With the announcement of General Elections, the country has entered the election mode. A new government will take office in the first week of June 2019. On the back of this development, Projects Today decided to do a five-year trend analysis of projects investment in the country.

The current NDA government is credited with introduction of some path-breaking reforms like enacting the Insolvency and Bankruptcy Code in December 2016, launching of Ayushman Bharat, a health insurance scheme to take care of the poor, undertaking mass scale rural electrification, executing the Swachh Bharat mission, putting extra emphasis on infrastructure building and solar power projects. On the economic front, the government was lauded for keeping inflation at lower level, maintaining fiscal discipline and improving the Ease of Doing Business rankings from 134 in 2014 to 77 in 2019. At the same time, the government’s two disruptive economic measures, Demonetisation and GST were cited as the principal contributors to the sharp fall in projects investment and new jobs creation in recent years.

Projects Today’s 74th Survey of Projects Investment in India has made an attempt to find out the cumulative effect of the above developments on projects investment during the five-year period FY15-19 and do a comparative analysis of such investment in the preceding five-year period FY10-14. The Survey also looks into the trends in project commissioning and stalled during the same periods.

Fresh Investment: Five-Year period saw both dip and growth

As per the Survey, during the five-year period FY15-19, 47,911 new projects were announced with a total investment of Rs 60,51,281 crore as against 43,876 new projects worth Rs 29,28,125 crore announced in the preceding five-year period FY10-14. This means, aggregate fresh projects investment increased by 106.7 percent during the two lustrums.

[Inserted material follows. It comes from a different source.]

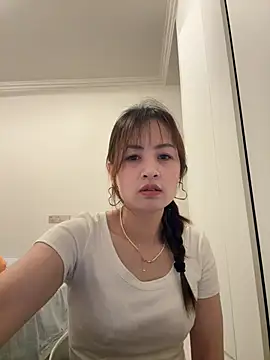 Yang 218 online show from 04-22-26, 07:33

The buoyancy in the announcement of fresh investment was observed across all major sectors except Electricity, which saw absolute decline in a number of new projects and investment committed therein. While fresh investment increased by more than 100 percent in the Manufacturing, Mining, Infrastructure and Irrigation sectors, the Manufacturing and Irrigation sectors saw less number of new projects announced during the latest five-year period ending 31 March 2019.

Fresh InvestmentManufacturing: Rise in Mega Projects

Though the Manufacturing sector attracted 1,325 less projects during the FY15-19 period, thanks to increase in the number of mega projects (with cost of Rs 1,000 crore or more), total fresh investment swelled up by 130.5 percent from Rs 7,00,725 crore to Rs 16,15,456 crore. As a result, the share of Manufacturing in the total fresh investment increased from 23.9 percent in FY10-14 to 26.7 percent in FY15-19.

Among the sub-sectors, Fertilisers, Steel, Cement, Refinery and Electronics segments received increased fresh projects commitments during the FY15-19 period.

The FY15-19 period saw announcement of 253 mega projects. Of these, 218 were owned by private promoters. The preceding five-year period had seen announcement of 131 mega projects. While private-sponsored mega investment proposals were found in the Steel, Cement, Aluminium, Electronics, Automobiles sectors, the Government mega proposals were limited to the Steel, Petroleum and Fertiliser sectors.

Infrastructure: Pump-priming by Government

Reflecting the emphasis of the NDA government on infrastructure building, fresh investment announcement multiplied three times from Rs 11,46,208 crore to Rs 34,09,300 crore during FY15-19. The sector comprising transport and social infrastructure saw announcement of 39,509 new projects in FY15-19 as against 33,145 projects announced during the FY10-14 period.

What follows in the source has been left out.